Malûmdur ki bir adamın bir günde harap ettiği bir sarayı, yirmi adam yirmi günde yapamaz ve bir adamın tahribatına karşı yirmi adam çalışmak lâzım gelirken şimdi binler tahribatçıya mukabil, Risale-i Nur gibi bir tamircinin bu derece mukavemeti ve tesiratı pek hârikadır. Eğer bu iki mütekabil kuvvetler bir seviyede olsaydı onun tamirinde mu’cizevari muvaffakıyet ve fütuhat görülecekti.

Ezcümle: Hayat-ı içtimaiyeyi idare eden en mühim esas olan hürmet ve merhamet gayet sarsılmış. Bazı yerlerde gayet elîm ve bîçare ihtiyarlar ve peder ve valideler hakkında dehşetli neticeler veriyor. Cenab-ı Hakk’a şükür ki Risale-i Nur bu müthiş tahribata karşı, girdiği yerlerde mukavemet ediyor, tamir ediyor.

Sedd-i Zülkarneyn’in tahribiyle, Ye’cüc ve Me’cüclerin dünyayı fesada vermesi gibi; şeriat-ı Muhammediye (asm) olan sedd-i Kur’anînin tezelzülüyle Ye’cüc ve Me’cüc’den daha müthiş olarak ahlâkta ve hayatta zulmetli bir anarşilik ve zulümlü bir dinsizlik fesada ve ifsada başlıyor.

Risale-i Nur’un şakirdleri, böyle bir hâdisede manevî mücahedeleri, inşâallah zaman-ı sahabedeki gibi az amelle, pek çok büyük sevap ve a’mal-i salihaya medar olur.

Aziz kardeşlerim! İşte böyle bir zamanda, bu dehşetli hâdisata karşı, ihlas kuvvetinden sonra bizim en büyük kuvvetimiz; iştirak-i a’mal-i uhrevî düsturuyla birbirimize kalemler ile her birinin a’mal-i saliha defterine hasenat yazdırdıkları gibi lisanlarıyla her birinin takva kalesine ve siperine kuvvet ve imdat göndermektir.

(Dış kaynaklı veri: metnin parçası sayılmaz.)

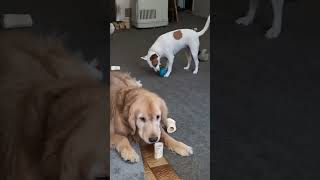 Sunday mornings with Maybelline Anakin Lucas & Rocsi 🐕🐈🐕🐩♥️ by Chien Lunatique 132 views 1 month ago 3 minutes, 22 seconds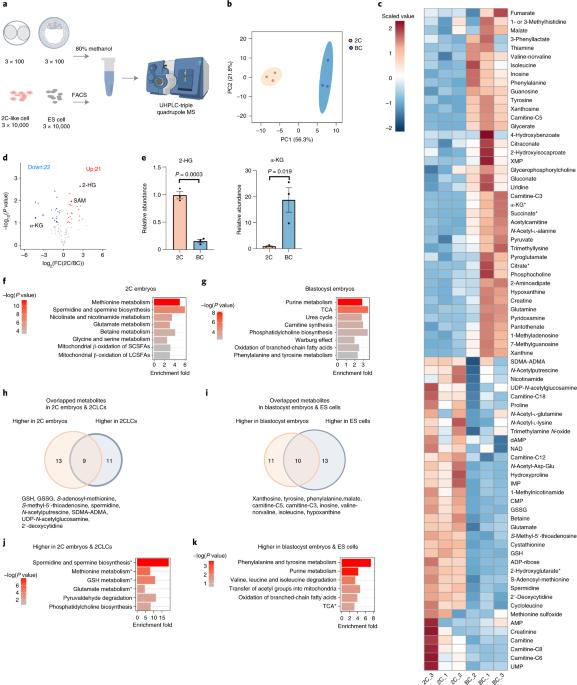 Metabolic remodelling during early mouse embryo development - Book学术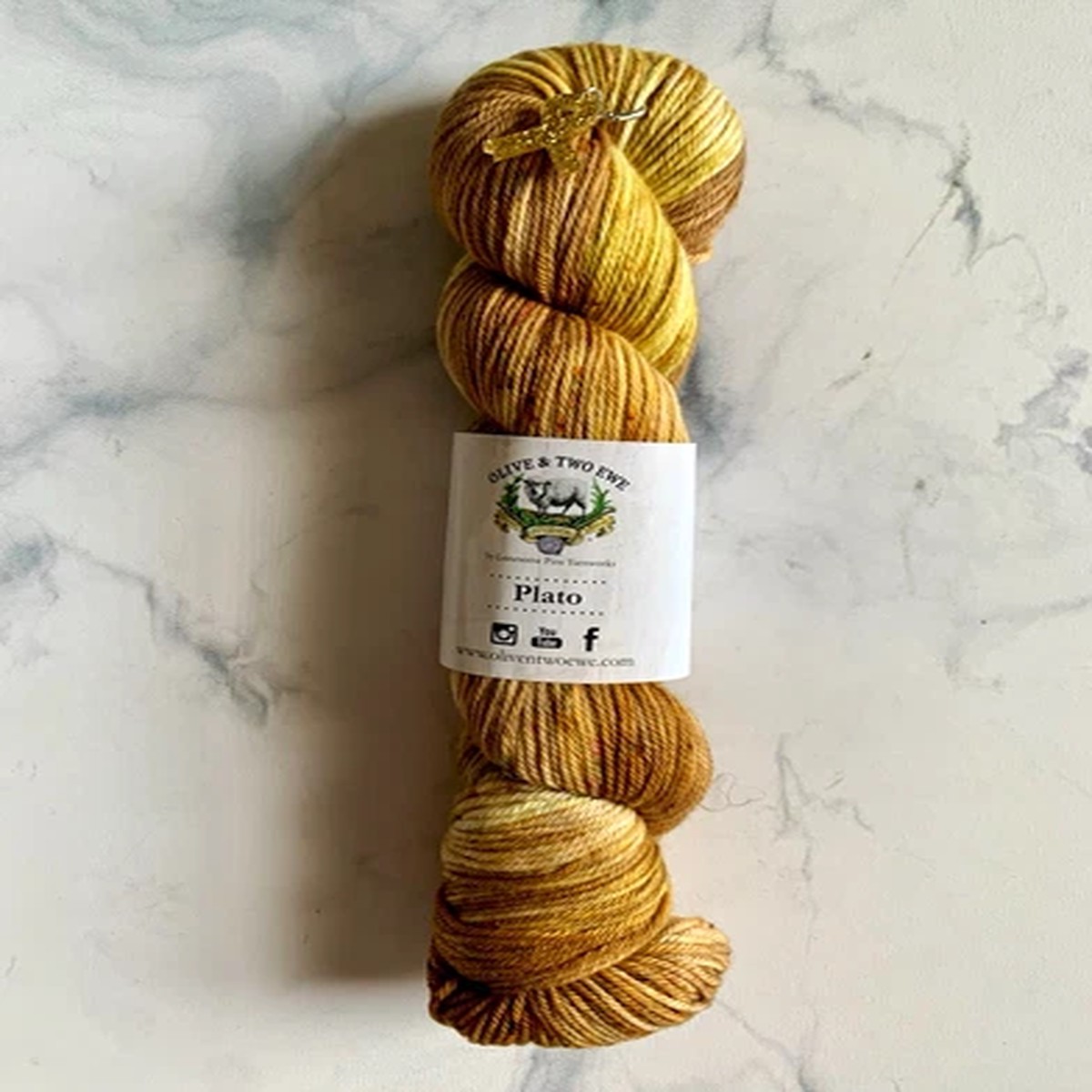 Olive & Two Ewe Studios Plato DK 4-Ply Hand Dyed SW Merino/Nylon 100g 245yds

Ve bilhassa fırtınalı tehacüme hedef olan bu fakir ve âciz kardeşinize, bu mübarek şuhur-u selâsede ve eyyam-ı meşhurede yardımına koşmak, sizin gibi kahraman ve vefadar ve şefkatkârların şe’nidir. Bütün ruhumla bu imdad-ı manevîyi sizden rica ediyorum. Ve ben dahi iman ve sadakat şartlarıyla, Risale-i Nur talebelerini bütün dualarıma ve manevî kazançlarıma, yirmi dört saatte, iştirak-i a’mal-i uhreviye düsturuyla, bazen yüz defadan ziyade Risale-i Nur talebeleri unvanıyla hissedar ediyorum.